Si le subes el volumen a tus bocinas (checa que sea el video que yo subí) podrás escuchar el grito de un valiente que desde las butacas traseras, cuando la victima dejó de ser agujereada como un muñeco de vudú, dijo:

-¡Alguien llame a los paramédicos!

Por desgracia en México los paramédicos pueden llegar al lugar del siniestro cuando la última gota de sangre ha abandonado el cuerpo del herido. Siendo esto del conocimiento de los presentes, no faltaron las manos voluntariosas que se dispusieron a sacar al paramédico que llevaban dentro. Enjundiosos, cargaron al moribundo para poder trasladarlo al hospital más cercano.

-¡Ahhhh! –aulló de dolor la victima.

Ante esta inesperada situación los buenos samaritanos se enfrascaron en una acalorada y nerviosa discusión.

-Arráncaselo.

-No, arráncaselo tú.

-No, no. Mejor tú.

Y así debatieron durante segundos vitales, hasta que alguien (seguramente un carnicero) decidió arrancar de un tirón el picahielo de la oreja del moribundo, no sin antes dejarse escuchar la advertencia de rigor que suele ocurrir en estos casos donde sobra el nerviosismo y la estupidez:

-Pero con cuidado, no vaya a desangrarse.

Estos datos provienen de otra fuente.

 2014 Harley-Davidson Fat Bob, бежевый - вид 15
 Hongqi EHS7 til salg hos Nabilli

Finalmente lograron levantarlo del piso entre varias personas y lo condujeron por uno de los corredores del teatro rumbo a la salida. Al atravesar el pasillo, entre todos los rostros del público que seguían abarrotando las localidades, sentada en una de las butacas, pudo verla, muerta de la risa.

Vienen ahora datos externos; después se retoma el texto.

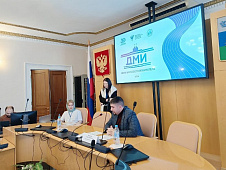 Иван Вершинин принял участие в Дне молодого избирателя
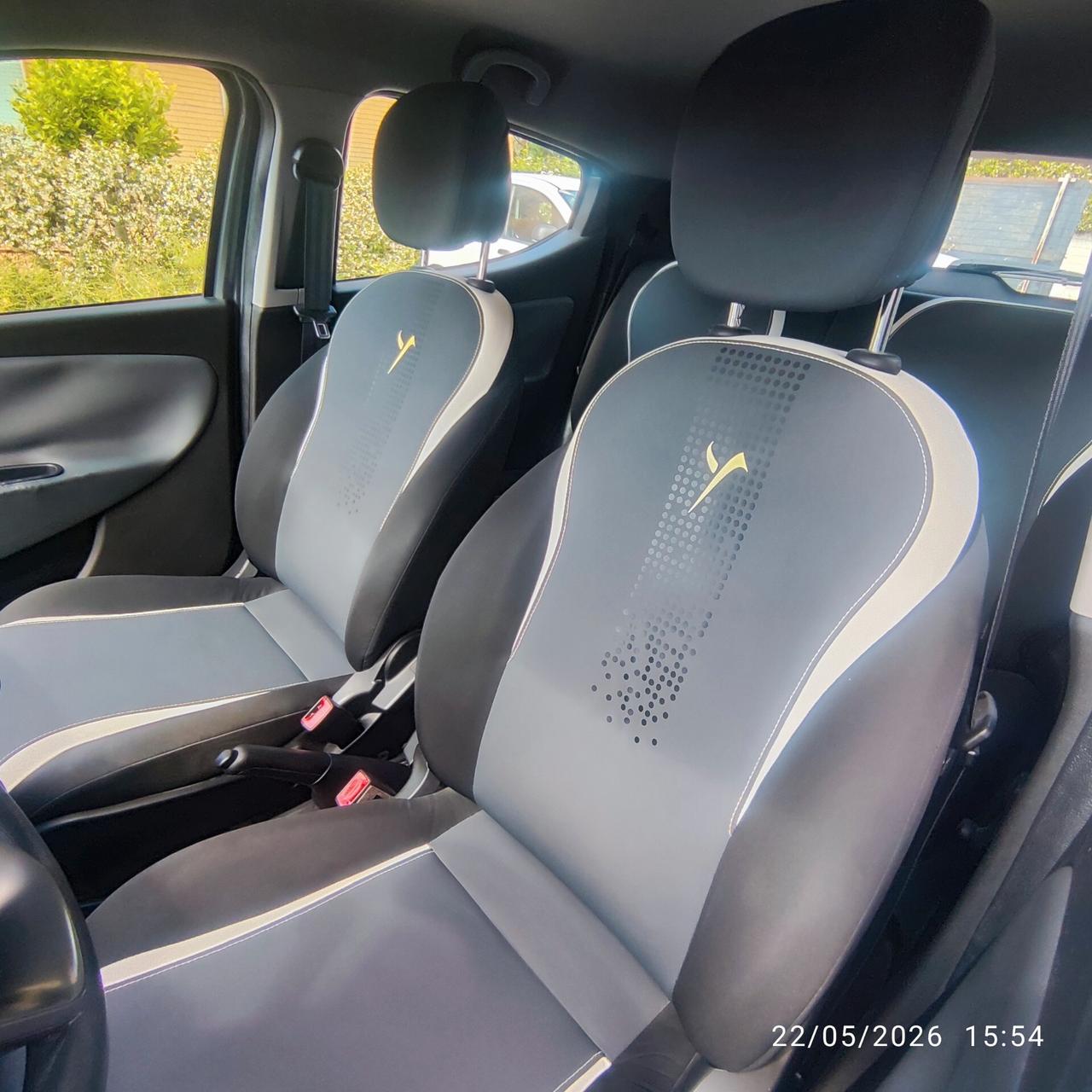 Lancia Ypsilon 1.2 69 CV 5 porte Elefantino euro 6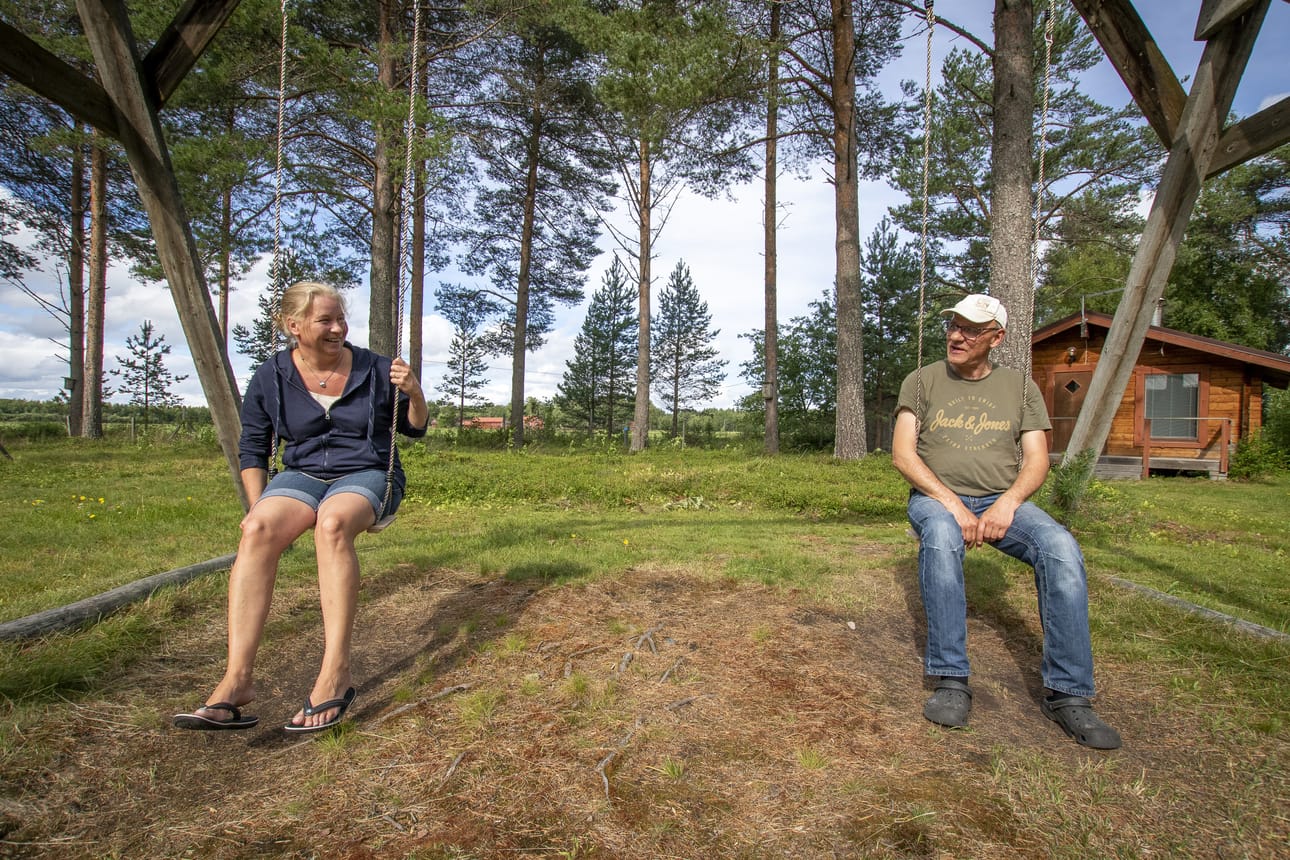 Heini ja Juha Murto viihtyvät Hailuodossa. Kesäpaikasta syntyy lähivuosina koti, kun muuttokuorma Belgiasta siirtyy saareen. Sitä ennen he nauttivat Hailuodosta pieninä pätkinä kerrallaan.
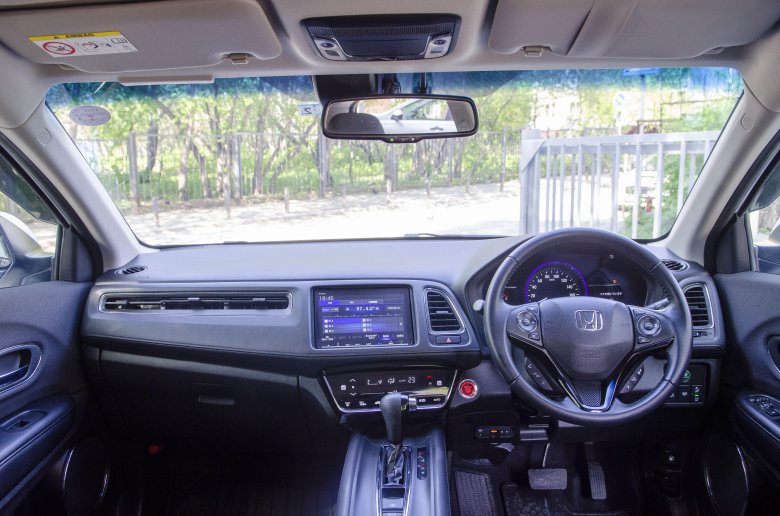 Хонда везел 2016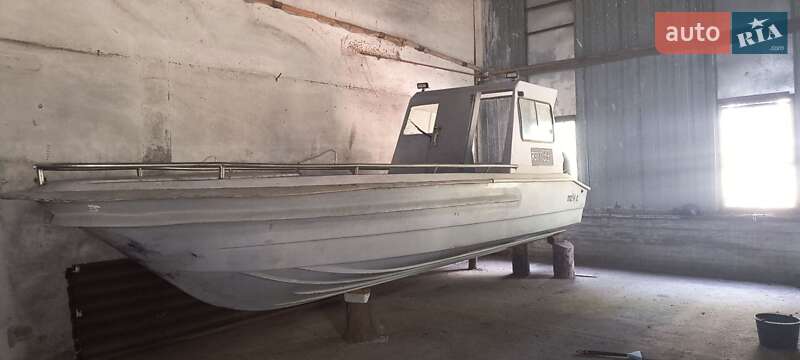 Катер Тунец 7 2008 в Запорожье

De no ser porque tenía los brazos y las manos bañadas en sangre, Valentina hubiera pasado inadvertida e inocente como el resto de la gente que no cesaban de tomar fotos desde sus celulares y cámaras fotográficas.


Prólogo No. 58

Al despertar en la mañana, frente al espejo, mientras se pasaba el rastrillo de rasurar sobre el mentón de una barba crecida, supo exactamente las palabras que tenía que decir antes de morir.